Relatives of victims killed in the 2014 downing of a passenger jet over Ukraine are marking the anniversary of the tragedy, an incident that international investigators have blamed on Russia and the separatist forces it backs in the region.
Dozens of family members and other dignitaries gathered on July 17 near Amsterdam's main airport at a monument where the names of those killed in the downing of Malaysian Airlines flight MH17 were read aloud.
In all, 298 people died, 193 of them Dutch citizens, when the airliner flying between Amsterdam and Kuala Lumpur was shot down by an antiaircraft missile over territory controlled by Russia-backed separatists.

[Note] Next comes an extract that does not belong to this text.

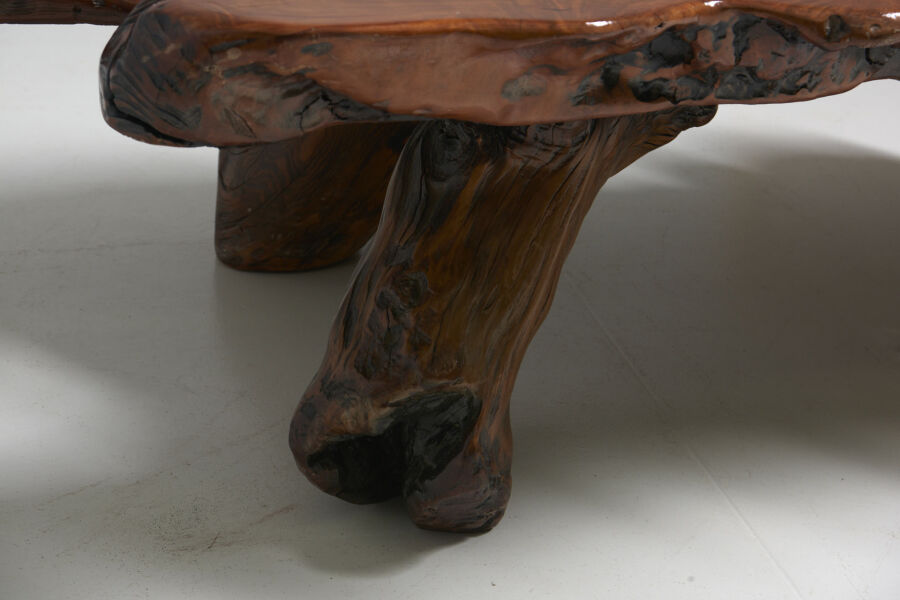 modestfurniture-vintage-3147-brutalist-low-table-solid-redwood10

In Malaysia, nine embassies whose citizens were killed were scheduled to hold a memorial service; 43 Malaysians died in the incident. Other victims came from countries including Australia, Canada, Britain, and Belgium.
Mourners at the Dutch monument were surrounded by 298 trees -- one was planted for each victim -- and sunflowers grown from seeds from the Ukrainian fields where the wreckage fell.
In Malaysia's capital, Kuala Lumpur, relatives of the Malaysians on board lit five large white candles to mark the anniversary and observed a minute of silence at a ceremony jointly organized by the Australian and Dutch embassies that featured 298 sunflowers.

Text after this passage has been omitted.